We decided to investigate whether we should migrate these long-lived, singleton fixtures to a more ephemeral approach.
Ideally, our end-to-end test fixtures would be designed such that:
- Test infrastructure is quick to set up.
- Test infrastructure is documented (e.g. via Terraform files).
- Tests themselves are quick to write.
- Both tests and their infrastructure require minimal maintenance.
- Tests are runnable by multiple [teams of] developers in parallel.
- Tests cover as much of the application surface as possible.
- Tests allow developers and contributors to quickly identify root causes of bugs.
- Tests have minimal reliance on existing state.
Of course, some of these goals are mutually exclusive: supporting parallel end-to-end test runs often increases the cost of writing (and in some cases maintaining) those tests and test infrastructure.
While most of Emblem's Google Cloud resources are provisioned programmatically using Terraform, some (such as the Google Cloud projects themselves^) are currently intended to be provisioned manually.
^ This is due to organization-wide IT security concerns about programmatic project creation that our team must abide by.
Consequently, we can't rely entirely on automated provisioning systems (at least, not without significant further engineering and/or documentation work) to spin the entire project up and down arbitrarily.
While Emblem is designed with a service-oriented architecture, all of Emblem's components are (currently) owned by the same team.
Consequently, optimizing our end-to-end test fixtures for multi-team collaboration (such as large numbers of parallel end-to-end test runs) isn't as important as minimizing test development/maintenance costs.
In this case, we have a continuous spectrum of options. Thus, the "options" below are more extremes than options:
- Extreme 1: All end-to-end fixtures are centralized, long-lived singletons. Under no circumstances should 2+ instances of the same fixture exist.
- Extreme 2: All end-to-end fixtures are ephemeral and short-lived, and pluralistic (multiple instances can simultaneously coexist).
We'll use programmatically provisioned fixture resources wherever practical. These resources can be made ephemeral and/or pluralistic (via tools like the cleanup script) if necessary.
Examples include:
- Cloud Run services
- Cloud Storage buckets
- Service Accounts
- IAM policies
- Artifact Registry repositories
In some situations, manual provisioning of centralized resources will be simpler to implement (if not outright required).

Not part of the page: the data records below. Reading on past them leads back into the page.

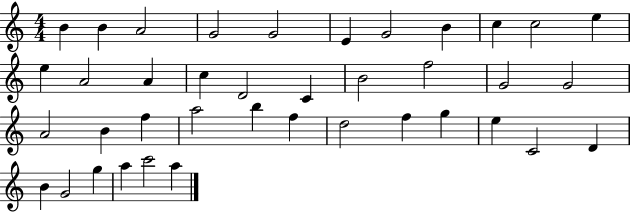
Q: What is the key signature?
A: C major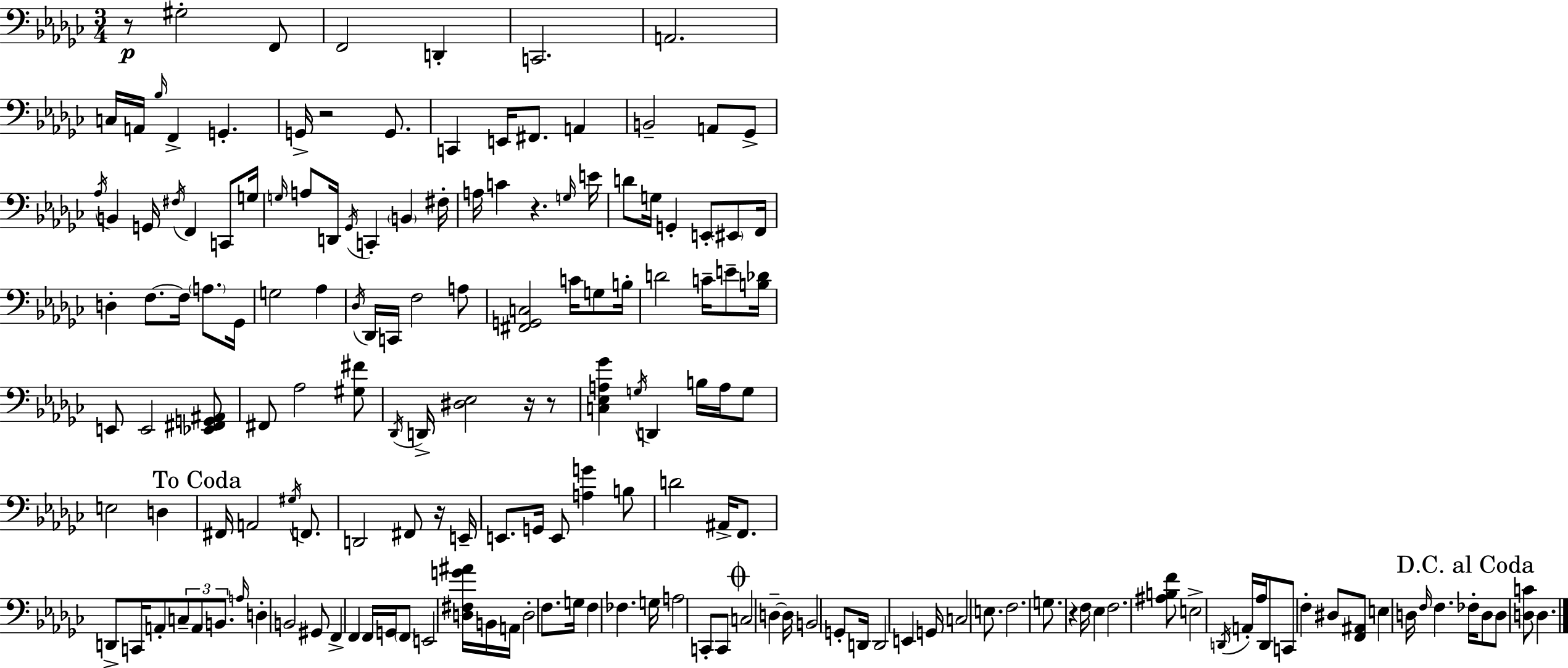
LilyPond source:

{
  \clef bass
  \numericTimeSignature
  \time 3/4
  \key ees \minor
  r8\p gis2-. f,8 | f,2 d,4-. | c,2. | a,2. | \break c16 a,16 \grace { bes16 } f,4-> g,4.-. | g,16-> r2 g,8. | c,4 e,16 fis,8. a,4 | b,2-- a,8 ges,8-> | \break \acciaccatura { aes16 } b,4 g,16 \acciaccatura { fis16 } f,4 | c,8 g16 \grace { g16 } a8 d,16 \acciaccatura { ges,16 } c,4-. | \parenthesize b,4 fis16-. a16 c'4 r4. | \grace { g16 } e'16 d'8 g16 g,4-. | \break e,8-. \parenthesize eis,8 f,16 d4-. f8.~~ | f16 \parenthesize a8. ges,16 g2 | aes4 \acciaccatura { des16 } des,16 c,16 f2 | a8 <fis, g, c>2 | \break c'16 g8 b16-. d'2 | c'16-- e'8-- <b des'>16 e,8 e,2 | <ees, fis, g, ais,>8 fis,8 aes2 | <gis fis'>8 \acciaccatura { des,16 } d,16-> <dis ees>2 | \break r16 r8 <c ees a ges'>4 | \acciaccatura { g16 } d,4 b16 a16 g8 e2 | d4 \mark "To Coda" fis,16 a,2 | \acciaccatura { gis16 } f,8. d,2 | \break fis,8 r16 e,16-- e,8. | g,16 e,8 <a g'>4 b8 d'2 | ais,16-> f,8. d,8-> | c,16 a,8-. \tuplet 3/2 { c8-- a,8 b,8. } \grace { a16 } d4-. | \break b,2 gis,8 | f,4-> f,4 f,16 g,16 \parenthesize f,8 | e,2 <d fis g' ais'>16 b,16 a,16 | d2-. f8. g16 | \break f4 fes4. g16 a2 | c,8-. c,8 \mark \markup { \musicglyph "scripts.coda" } c2 | d4--~~ d16 | b,2 g,8-. d,16 d,2 | \break e,4 g,16 | c2 e8. f2. | g8. | r4 f16 ees4 f2. | \break <ais b f'>8 | e2-> \acciaccatura { d,16 } a,16-. aes16 | d,8 c,8 f4-. dis8 <f, ais,>8 | e4 d16 \grace { f16 } f4. | \break \mark "D.C. al Coda" fes16-. d8 d8 <d c'>8 d4. | \bar "|."
}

Usually, these resources cannot be made ephemeral and must be reused between end-to-end test runs.
Examples include:
- Google Cloud projects
- Cloud Firestore environments (these are tied to Google Cloud projects)
The entire Emblem application is currently owned by a single team. Thus, we decided to weigh the tradeoffs involved accordingly:
- ✅ Cost of development is more important
- ✅ Cost of maintenance is more important
- ❌ Support for parallel end-to-end test runs is less important.

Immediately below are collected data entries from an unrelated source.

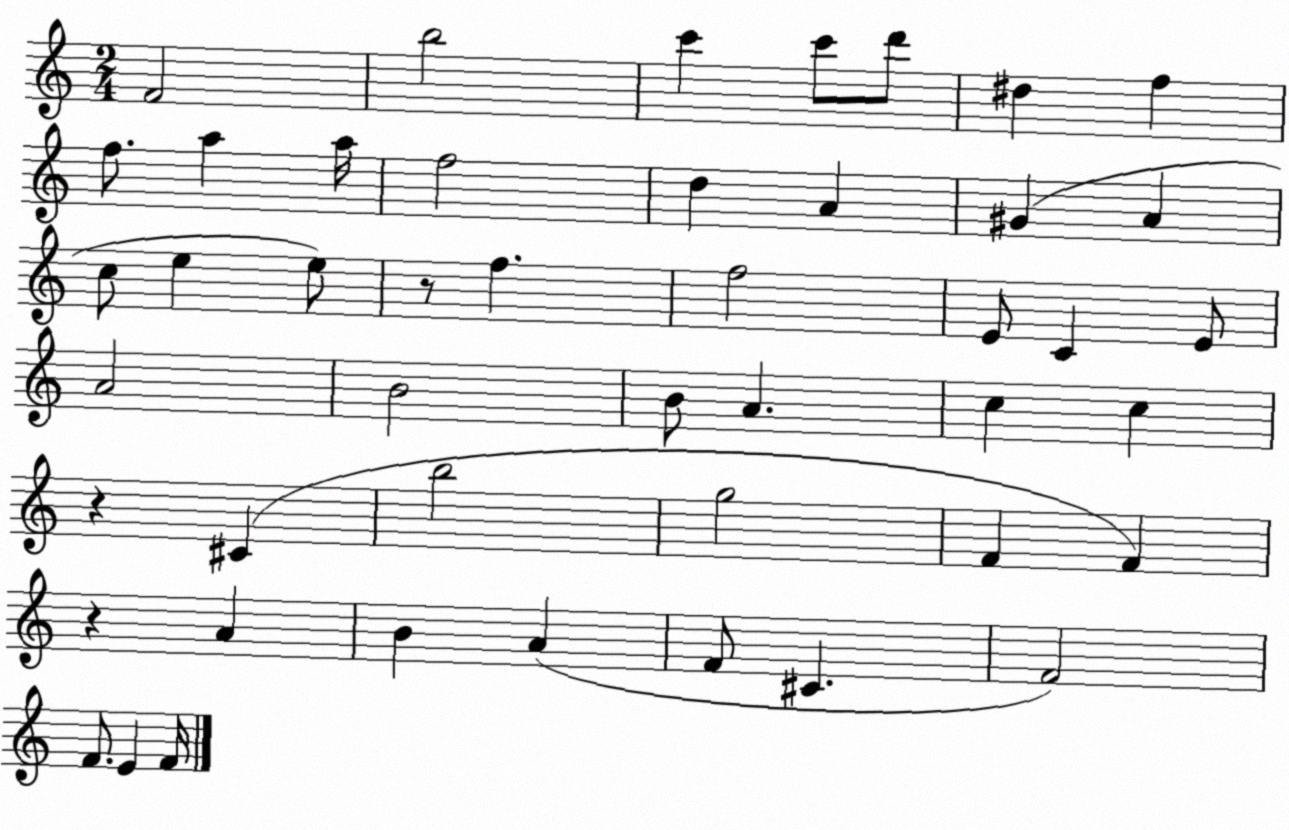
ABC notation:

X:1
T:Untitled
M:2/4
L:1/4
K:C
F2 b2 c' c'/2 d'/2 ^d f f/2 a a/4 f2 d A ^G A c/2 e e/2 z/2 f f2 E/2 C E/2 A2 B2 B/2 A c c z ^C b2 g2 F F z A B A F/2 ^C F2 F/2 E F/4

- We will not be able to run multiple end-to-end test runs simultaneously.
Currently, the ongoing cost of maintaining long-lived resources is very low. Even though "pluralizing" these resources is an {eminently justifiable && one-time} cost, this pluralization effort is not currently a high priority.
This may change for one of two reasons:
The Emblem team's underlying organizational structure changes. (For example, Emblem may transform from single-team project to one collectively owned by multiple different teams. Each team [member] would likely want end-to-end testing fixtures dedicated specifically for them, which would be easier to achieve with a more pluralistic approach.)
If the Emblem team executes quickly on the project's roadmap (enough to outrun any scope creep), Emblem's "most important" priorities will gradually become less important over time.
Given time, test pluralization may rise to the top of our prioritized worklog. If such a scenario occurs, we will of course revise this decision.